If you enjoy epic, nostalgic music not unlike that of M83 and Sigur Rós than you are not going to want to miss the debut album from Slow Motion Picture entitled In Memory of... There are ten songs on the album all of which were written by Brian Ceaser as a way to cope with the passing of his father. Slow Motion Picture undertakes the task of writing songs, which can often come across as pretentious and contrived and bypass it completely. The songs on this album are heartfelt, visceral and filled to the brim with emotions that feel all too real and relatable.
In Memory of... is an intense journey that starts with “Opening.” The first thing you hear is a field recording and someone whispering, “I had a dream.” A mysterious atmosphere develops which is dream-like itself. Once the drums, bass and guitar enter into the picture you are catapulted in an upward momentum that feels as if you are ascending into a spiritual world.
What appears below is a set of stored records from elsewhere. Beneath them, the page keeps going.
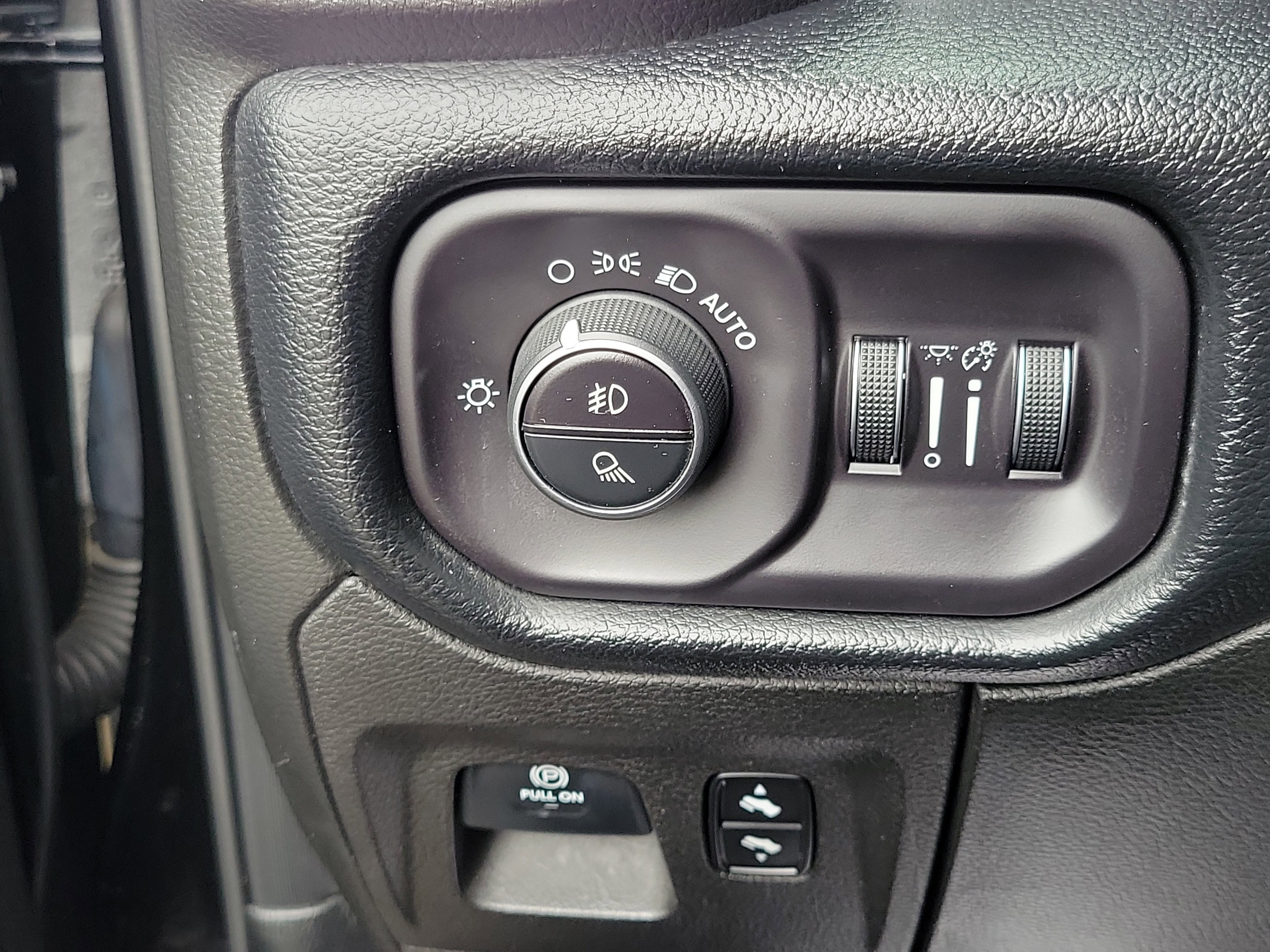 2019 RAM Ram 1500 Pickup Laramie - Photo 10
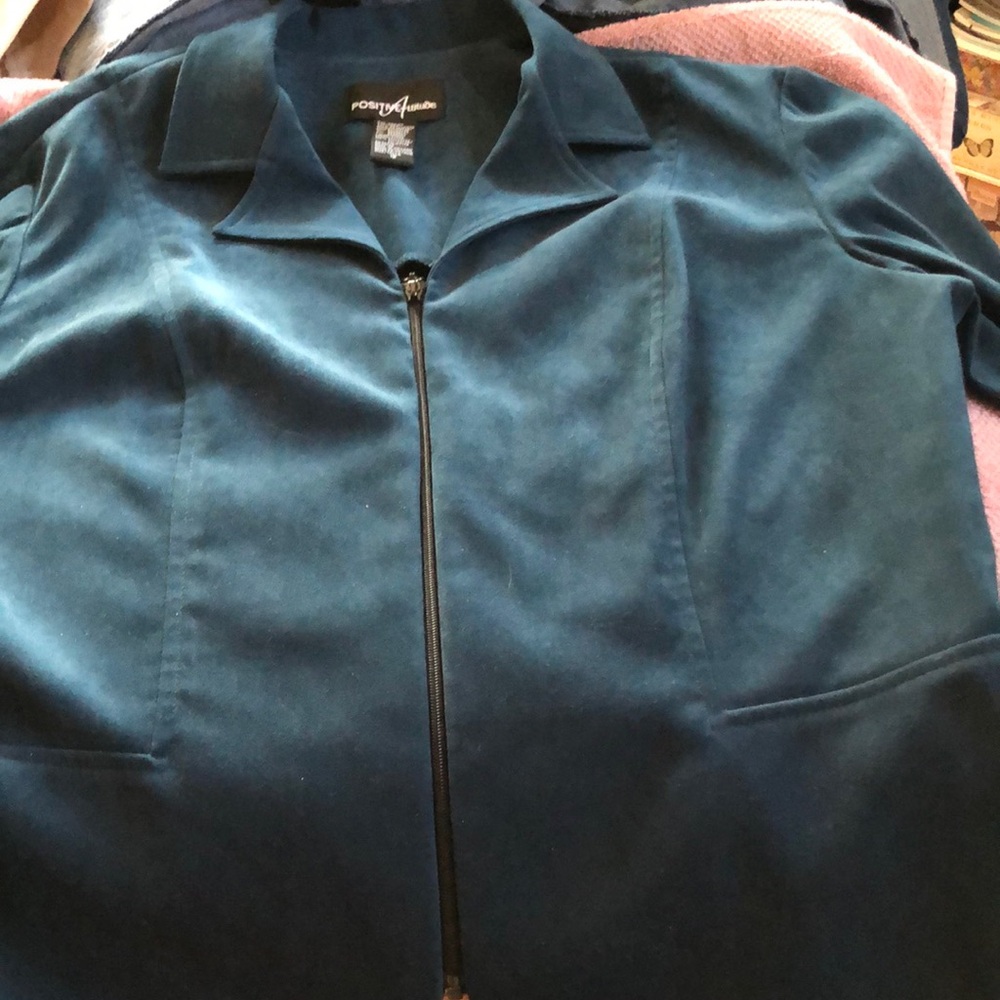 Ladies brand positive attitude.  Jacket zipper front. Size 16 royal blue color 🌺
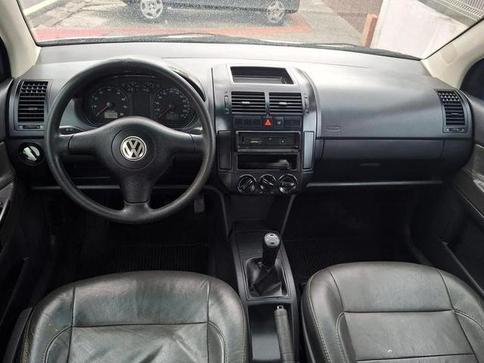 VOLKSWAGEN POLO SEDAN 1.6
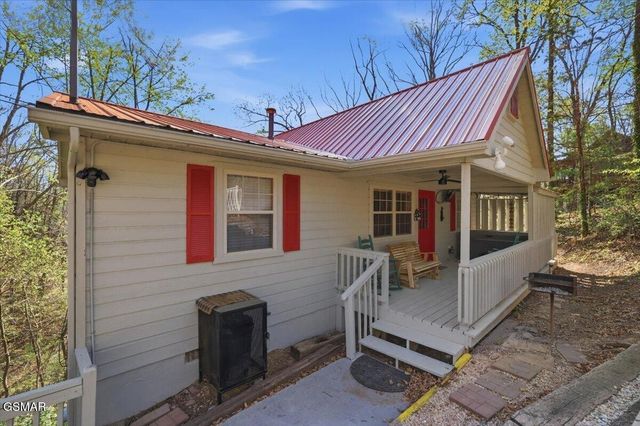 623 Country Oaks Drive, Pigeon Forge, TN 37863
I wasn’t expecting the song to abruptly stop and be treated with female vocals but was glad it did.
I was excited for what was next after such a prolific opening and wasn’t disappointed with what unfolds. “From Under Paris” contains excellent vocal melodies that wrap around the soaring music while “I've Been Quiet Too Long” is more grounded but just as majestic.
The most poppy and catchy song on the album is “Everything That Was.” “Everything That Was” is hopeful but also dance worthy at times. It an interesting contrast but it works wonderfully. As the album progresses it displays consistently refined songwriting that suggests the band is just getting started. “Mistakes We've Made” and “When This Nightmare Ends Its Course” were two songs that were highlights amongst the batch. The band closes with the longest song on the album entitled “The Wolf.” It’s a powerful ending that doesn’t feel like it can reach any higher before fading away.
After listening to the entire album from start to finish I was exhausted but I also felt cleansed. In Memory of... is a cathartic purge that probably isn’t suited for daily visiting but when used at appropriate times it is on the verge of therapeutic. Ceaser used these songs to cope with his father’s death and they are indeed close to his heart but it takes a lot skill, talent and vision to translate those emotions to an audience so they can empathize. In the end Ceaser found the right people to bring his music to a place that connects with the human experience and instills a sense of uniformity. You can’t ask for much more than that.